♠ Posted by Emmanuel in Bretton Woods Twins,China
at 1/20/2011 12:18:00 AM
In case you missed it, here's further proof of how far China has come in terms of winning friends and influencing people. Paramount Leader Hu Jintao pretty much came, saw, and conquered (veni, vidi, vici) his obsequious, occasionally backstabbing lodgers renting the PRC's subprime North American real estate whose (very dysfunctional) tenants association is led by--who else?--Barack "China Currency Coalition" Obama. Now hilariously lame get-tough-on-China campaign pledges aside, Obama and the rest of the administration toadies' eagerness to please their betters only further underlines who wears the pants in today's global political economy.However, the hapless Yanks are not the only recipients of Chinese largesse. China is reported by many news outlets [e.g. 1, 2, 3, 4] to have surpassed that archetypal Washington-based institution the World Bank in loan volume provided to developing countries--with an important caveat I'll mention in a while. Of course, the kind of money China provides is strategic since its biggest lenders are not PRC aid bodies per se but trade finance bodies alike export-import (ExIm). While not particularly caring about its recipients' human rights records or any of that Western BS those folks used to package with freedom 'n' growth shtick, it's perhaps no coincidence Obama doesn't make any demand on that front, either. Beggars can't be choosers, and Washington is just one of the many mendicants jockeying for manna from, er, Beijing:
China has lent more money to other developing countries over the past two years than the World Bank, a stark indication of the scale of Beijing’s economic reach and its drive to secure natural resources.

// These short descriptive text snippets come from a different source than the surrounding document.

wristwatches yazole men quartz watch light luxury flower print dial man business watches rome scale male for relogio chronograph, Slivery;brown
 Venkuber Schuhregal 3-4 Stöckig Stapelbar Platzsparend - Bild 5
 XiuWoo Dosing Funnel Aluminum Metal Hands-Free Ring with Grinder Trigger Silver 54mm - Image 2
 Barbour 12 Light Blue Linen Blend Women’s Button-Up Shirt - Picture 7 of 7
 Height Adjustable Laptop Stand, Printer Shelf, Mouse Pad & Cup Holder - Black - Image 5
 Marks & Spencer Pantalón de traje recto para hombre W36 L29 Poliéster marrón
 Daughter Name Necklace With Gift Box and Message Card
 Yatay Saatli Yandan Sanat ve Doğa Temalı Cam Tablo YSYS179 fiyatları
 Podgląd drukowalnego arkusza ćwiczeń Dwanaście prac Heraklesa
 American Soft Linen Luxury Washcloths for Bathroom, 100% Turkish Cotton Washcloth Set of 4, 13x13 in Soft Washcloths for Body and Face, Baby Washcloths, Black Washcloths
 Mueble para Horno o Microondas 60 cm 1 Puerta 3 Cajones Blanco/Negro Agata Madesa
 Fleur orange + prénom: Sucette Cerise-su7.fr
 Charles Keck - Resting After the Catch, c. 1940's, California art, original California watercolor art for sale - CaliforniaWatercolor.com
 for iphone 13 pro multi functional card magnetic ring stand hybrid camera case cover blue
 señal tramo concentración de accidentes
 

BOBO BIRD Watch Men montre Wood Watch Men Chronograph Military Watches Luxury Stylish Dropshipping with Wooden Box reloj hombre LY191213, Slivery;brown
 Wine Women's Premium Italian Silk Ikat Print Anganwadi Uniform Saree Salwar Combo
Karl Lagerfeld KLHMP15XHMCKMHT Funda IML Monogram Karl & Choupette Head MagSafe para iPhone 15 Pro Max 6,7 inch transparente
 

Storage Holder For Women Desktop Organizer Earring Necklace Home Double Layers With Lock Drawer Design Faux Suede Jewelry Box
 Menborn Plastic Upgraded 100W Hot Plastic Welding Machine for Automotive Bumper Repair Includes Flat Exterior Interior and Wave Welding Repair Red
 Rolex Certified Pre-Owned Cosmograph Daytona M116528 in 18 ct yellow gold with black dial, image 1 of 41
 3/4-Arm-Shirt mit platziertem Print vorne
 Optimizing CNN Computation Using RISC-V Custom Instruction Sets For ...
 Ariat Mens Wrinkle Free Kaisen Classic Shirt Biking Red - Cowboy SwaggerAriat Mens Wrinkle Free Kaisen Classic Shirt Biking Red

China Development Bank and China Export-Import Bank signed loans of at least $110bn (£70bn) to other developing country governments and companies in 2009 and 2010, according to Financial Times research. The equivalent arms of the World Bank made loan commitments of $100.3bn from mid-2008 to mid-2010, itself a record amount of lending in response to the financial crisis.Their timing was exemplary in picking up the pieces when the Westerners fled:
The volume of overseas loans by the two banks indicates how Beijing is forging new patterns of China-led globalisation, as part of a broader push to scale back its economic dependency on western export markets.There has been much comment on this article claiming that China now lends more to LDCs than the World Bank before I came upon it, but there is an important caveat nonetheless which almost all missed by (1) not bothering to read the entire article and/or (2) not really understanding the structure of the Washington-based lender. The comparison is arguably incomplete insofar as the Financial Times writers only tallied loans from two out of three World Bank lending arms--the International Bank for Reconstruction and Development (IBRD) and the lender to the private sector the International Finance Corporation (IFC). They didn't include those made by the World Bank's concessional arm the International Development Association (IDA) that forks money over at obviously concessional (subsidized, well below market) rates. Then again, their argument is that China does the same in providing financial aid but they too ignored that part of the PRC loan portfolio for lack of publicly available data:
The financial crisis allowed Beijing to push the commercial interests of its energy companies by offering loans to producer countries at a time when financing was hard to come by. The agreements include large loan-for-oil deals with Russia, Venezuela and Brazil, as well as loans for an Indian company to buy power equipment and for infrastructure projects in Ghana and railways in Argentina.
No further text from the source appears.